Comentábamos ayer cómo, al regresar de vacaciones, uno se topa en su buzón electrónico (en el de fierro nada más reposan dos sobres) con montones de correspondencia de todos los colores y sabores… en su mayoría, mensajes, publicidad y propaganda de personas, empresas e instituciones de los que uno no tiene la más remota noción de quiénes son, para qué sirven o a qué ejido representan.
Pero existe una clase de mensajes que llama particularmente la atención. Y son aquellos que pretenden engañar al recipiente con trucos y trampas de lo más inocentes. Al leerlos después de muchos esfuerzos (dado que usualmente están escritos en un inglés sencillamente atroz), uno se pregunta qué ingenuos serán capaces de caer en garlitos tan evidentes. Y es entonces que recordamos que la credulidad humana no tiene límites.

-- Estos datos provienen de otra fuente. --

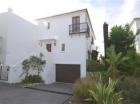 Chalet con 4 dormitorios se vende en Estepona, Costa del Sol - mejor precio | unprecio.es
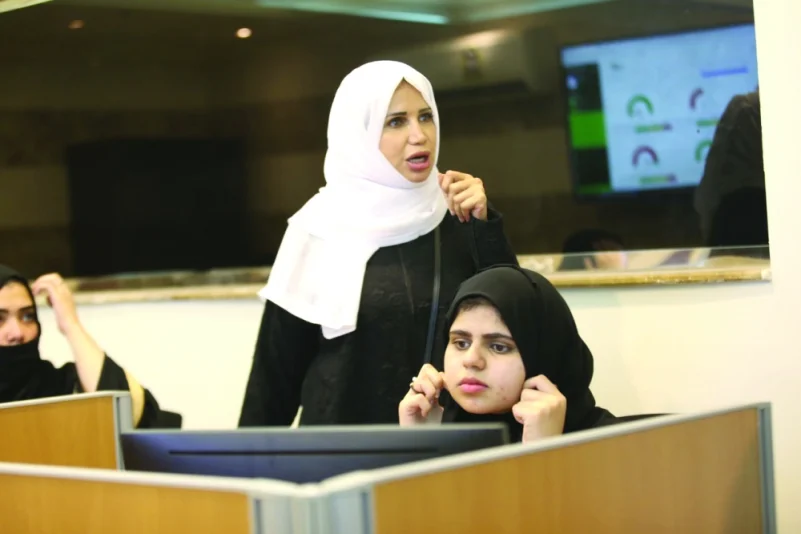 مطوفو الدول العربية توظف 349 فتاة سعودية في اللجان النسائية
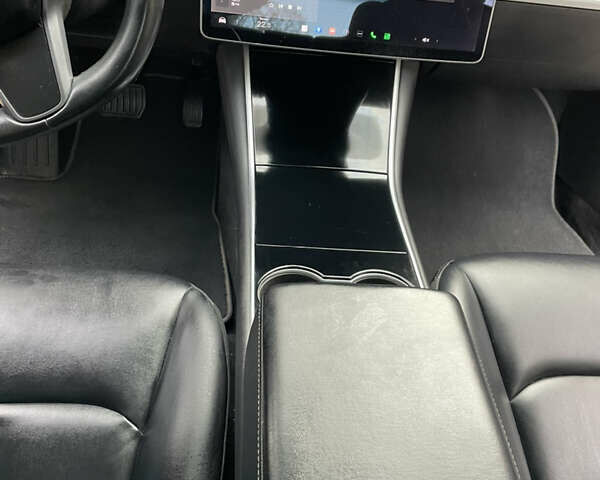 Тесла Модель 3, объемом двигателя 0 л и пробегом 108 тыс. км за 16800 $, фото 19 на Automoto.ua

Recuerdo como si fuera ayer el día en que tuve la primera noción de que el engaño y (sobre todo) el autoengaño existían en este mundo: un servidor tenía unos diez años cuando una muchacha del servicio doméstico que trabajaba en la cuadra resultó víctima de un paquero. Como el término era nuevo, pedí que me lo explicaran. Cuando me describieron la manera en que la gente era engatusada y se dejaba engañar con fajos de papel periódico que simulaban billetes, no podía creer que existiera semejante inocencia. Pero existe, y el truco sigue dando frutos todavía en el siglo XXI.

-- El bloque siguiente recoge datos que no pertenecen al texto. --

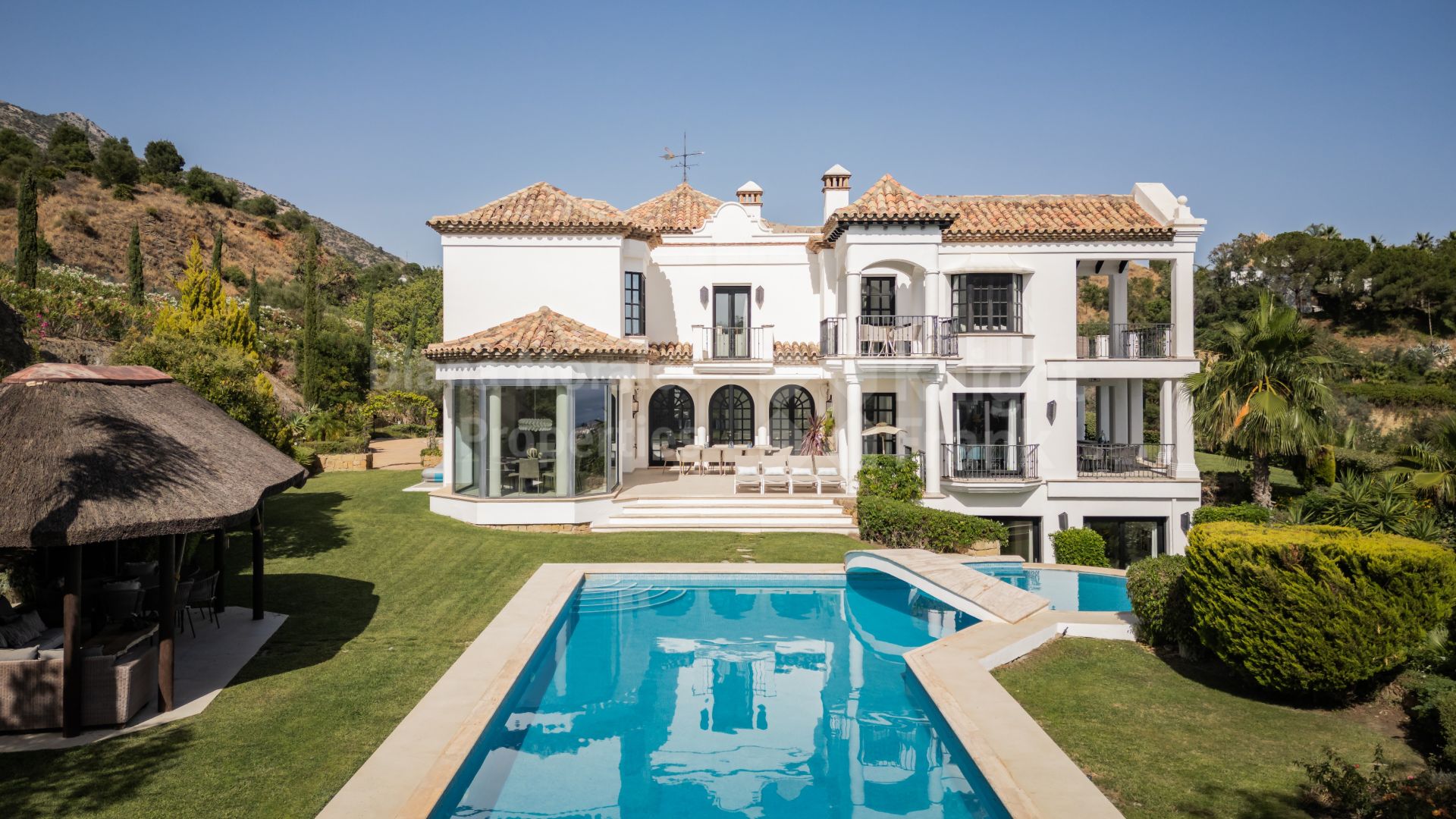 Wunderschöne Villa mit einzigartigem Charme im Marbella Hill Club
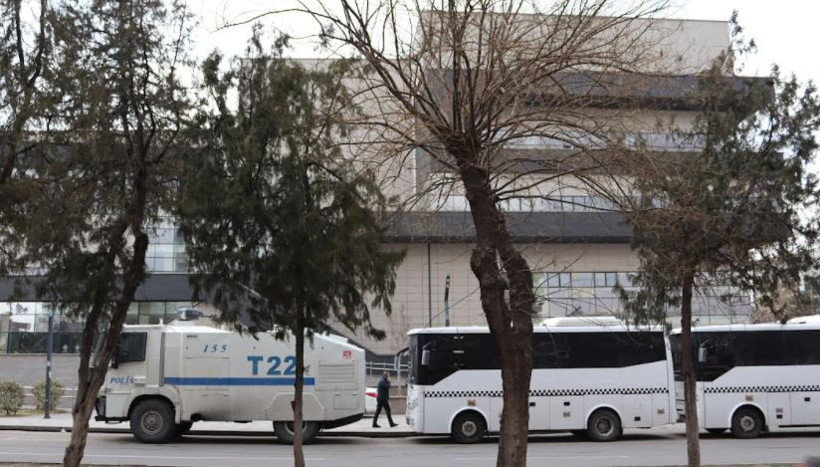 Sur’da mağduriyet sürüyor: Hak sahipleri dükkânlarının ihalesine bile alınmadı - Resim : 1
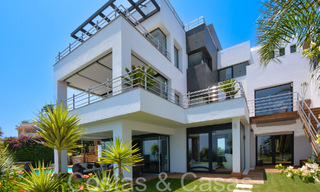 Luxueuse villa avec un style architectural moderne et une vue imprenable sur la mer à vendre à Manilva, Costa del Sol 64987 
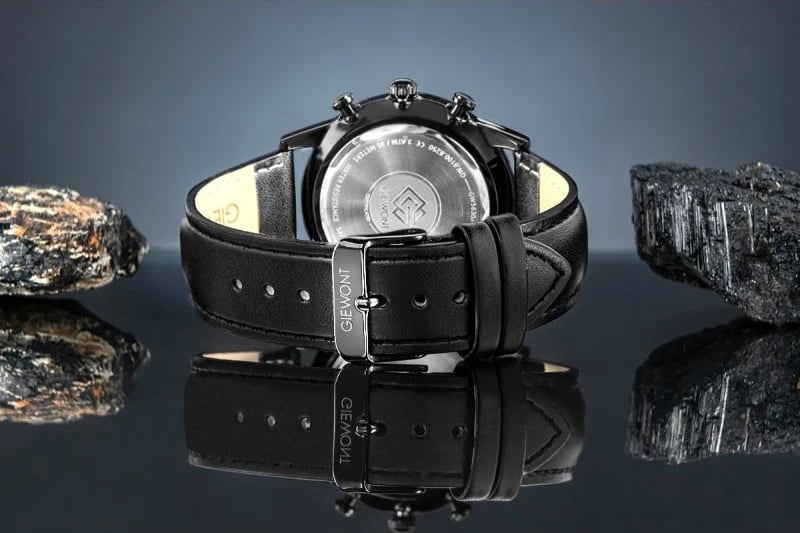 Orë dore për meshkuj Giewont, e zezë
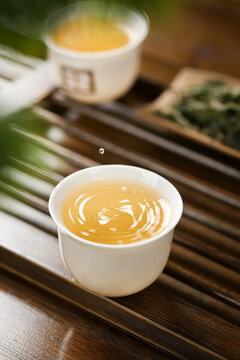 白茶茶湯茶水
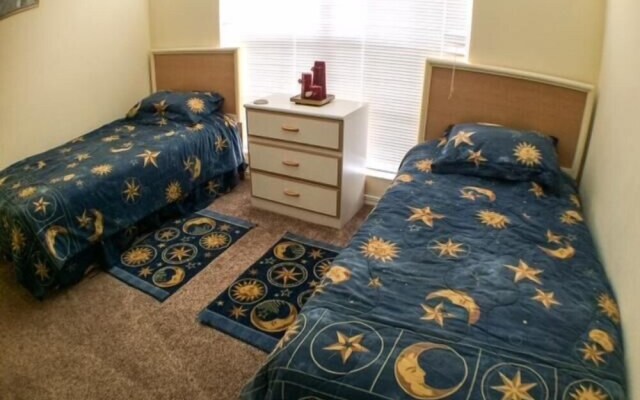 Hemingway 2004 Apartment 3 Bedroom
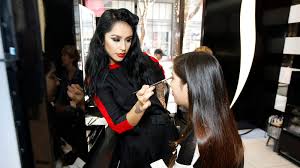 Maquillage ⋅ parfums ⋅ soin ⋅ beauté : 12 Secrets Of Sephora Employees Mental Floss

Así pues, no dudo que entre los millones de mensajes que mandan esos embaucadores (situados sobre todo en África Occidental), uno que otro sea respondido por un alma pura que busque hacerse millonaria gracias a los buenos oficios de un tipo del que jamás había oído hablar. Y que esas almas puras resulten esquilmadas hasta los huesos por andar de babas… y de ambiciosos. Todo hay que decirlo.
Los mensajes de los paqueros electrónicos de hoy en día tienen que ver con ingentes cantidades de dinero que, por una u otra razón, están sin qué hacer en la bóveda de un banco de Ouagadougou o alguna otra exótica ciudad africana por el estilo. A veces porque están en la cuenta de una familia que murió trágicamente en un accidente aéreo. A veces, porque alguien olvidó cerrar la cuenta y ahí está, con millones de dólares ociosos. En ocasiones un empleado “descubre” el dinero, que se había traspapelado (en cantidades que exceden el PIB del país en que está el banco; mira qué descuido). El caso es que siempre se necesita a un extranjero que retire el dinero y luego vaya a ‘mitas’ con quien está proponiendo la transacción.

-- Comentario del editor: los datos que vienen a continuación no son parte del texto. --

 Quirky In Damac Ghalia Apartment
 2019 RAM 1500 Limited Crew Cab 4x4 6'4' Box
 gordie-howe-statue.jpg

Una variante es avisarle a uno que ganó un premio en la lotería holandesa… aunque no haya visto un tulipán ni en Día de Muertos.
Total, que mucho de la basura que desborda nuestros buzones electrónicos no es otra cosa que una colección soberbia de maneras de engañar al prójimo… Y un muestrario de hasta dónde puede llegar la humana ingenuidad.